Hace unos días, el promotor cultural Charly Feroz hizo pública una carta firmada por más de 80 personas, personas que somos o nos sentimos parte de la comunidad cultural del estado. Poco tiempo después, un compa publicó en feis una retahíla de argumentos que, para no tergiversar, traslado de manera íntegra: “primero que nada comenzaré a decir que el hecho de que abran o cierren librerías no va a generar más cultura o la va salva gurdar. Por que la cultura y el arte siempre se está creando por humanos y no. No se trata de espacios culturales la cultura. Es decir que si ponen una o cierran una o ponen más va ver más gente cultura y cultural. A y además va ver más lectores. Seamos ante todo honestos. Primero que nada los lectores ya están Ahi, siempre son o casi son los mismos. Eso lo vemos en los eventos literarios y culturales que se realizan. Ahora veámoslo así, el hecho que cierren un espacio para comprar libros no va ni disminuir ni aumentar el número de lectores. Y mucho menor que atente contra la cultura cuando la cultura abarca más que solo un puesto de libros”.

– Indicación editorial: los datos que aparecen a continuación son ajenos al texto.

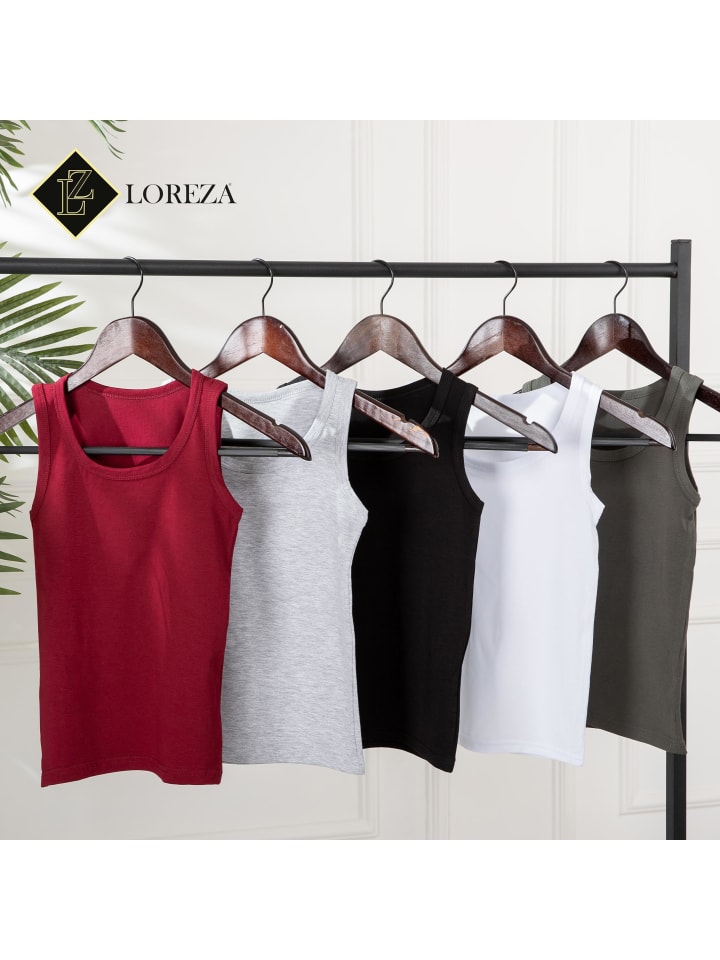 LOREZA 5er Set Unterhemden - Basics - Bunt günstig kaufen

Más allá de toda pose, e intentando ser honesto, creo que el cierre de una librería es cosa triste, porque las librerías son un lugar de encuentro, y desencuentro, de hallazgos y confrontaciones, y, como es el caso de Educal Chilpancingo, es también un espacio que oferta lo que la Secretaría de Cultura nomás no. Y qué bueno, pues esto nos obliga a molestar a Elena y a organizar presentaciones a las que nadie va, pero de vez en cuando alguien se aparece. ¿Alguien ha visto alguna vez a algún Pontífice Catedrático de la Facultad de Lo Que Ustedes Gusten en alguna presentación de libro (nótese mi lenguaje patriarcal y exclusivo)? ¿Usted, caballero de pozolísticas fauces? ¿Usted, amiga con carita de chalupa, ha ido alguna vez a Educal para conocer el quehacer de los compas que andan por ahí? Lo dudo, pues siempre estamos los mismos y hay veces que ni llegamos, pero hay veces, también, que se acerca uno que otro compa que luego regresa de manera intermitente.

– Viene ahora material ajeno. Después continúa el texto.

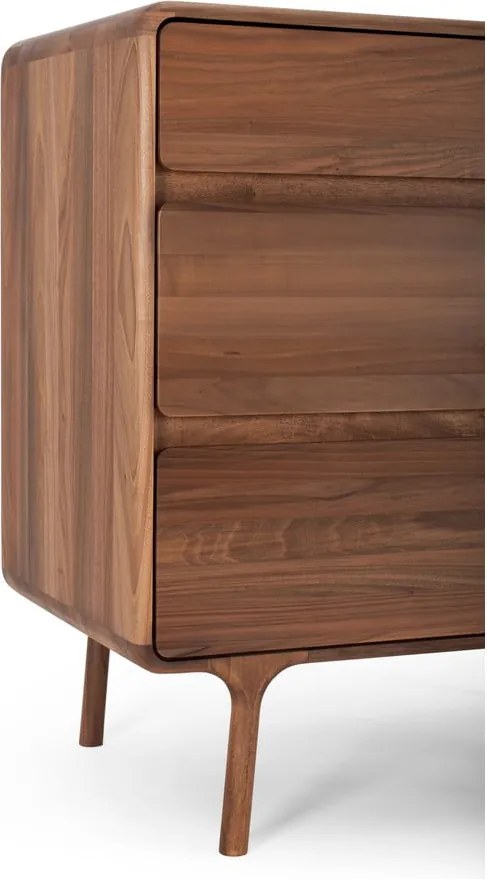 Cassettiera marrone in noce massiccio 90x90x45 cm Fawn – Gazzda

Pero es ahí, en las librerías, donde uno se encuentra con los otros (aquí se vería retechulo un otres); es ahí donde uno puede toparse con lo más oscuro del alma humana y también con lo más sublime. Ahí está la voz de los ancestros (qué fijación con la “o”). Y es que leer, como dice Vite, “abona a la perspectiva de vida”, sacándonos de la miseria propia y colocándonos en otras, pues al hacerlo nos arrostra a la confrontación, al diálogo, a la diferenciación. Y como dice René Rueda en palabras de alguien más: “leer le hace bien al cuerpo, aunque no nos demos cuenta”, obligándonos a ver eso que no queríamos ver, o bien que no sabíamos ver. Es un acto que nos cambia y nos confronta. Un hacer activo, en el que interactuamos con el libro. Leer no es un acto mecánico: requiere emprender un diálogo, confrontar ideas. Leer nos abruma y nos deslumbra, nos saca la cabeza del naderío de nuestra mente para llevarnos a los campos de cultivo en California, nos da cuenta de la explotación sobre los turcos en la industria farmacéutica alemana, nos deja ver a Carlos Denegri arrastrar a su sirvienta por la avenida Insurgentes, nos hace sufrir la suerte del Rey de La Habana, dejándonos morir, sin morirnos, en un basurero, convertidos en el alimento de millones de moscas.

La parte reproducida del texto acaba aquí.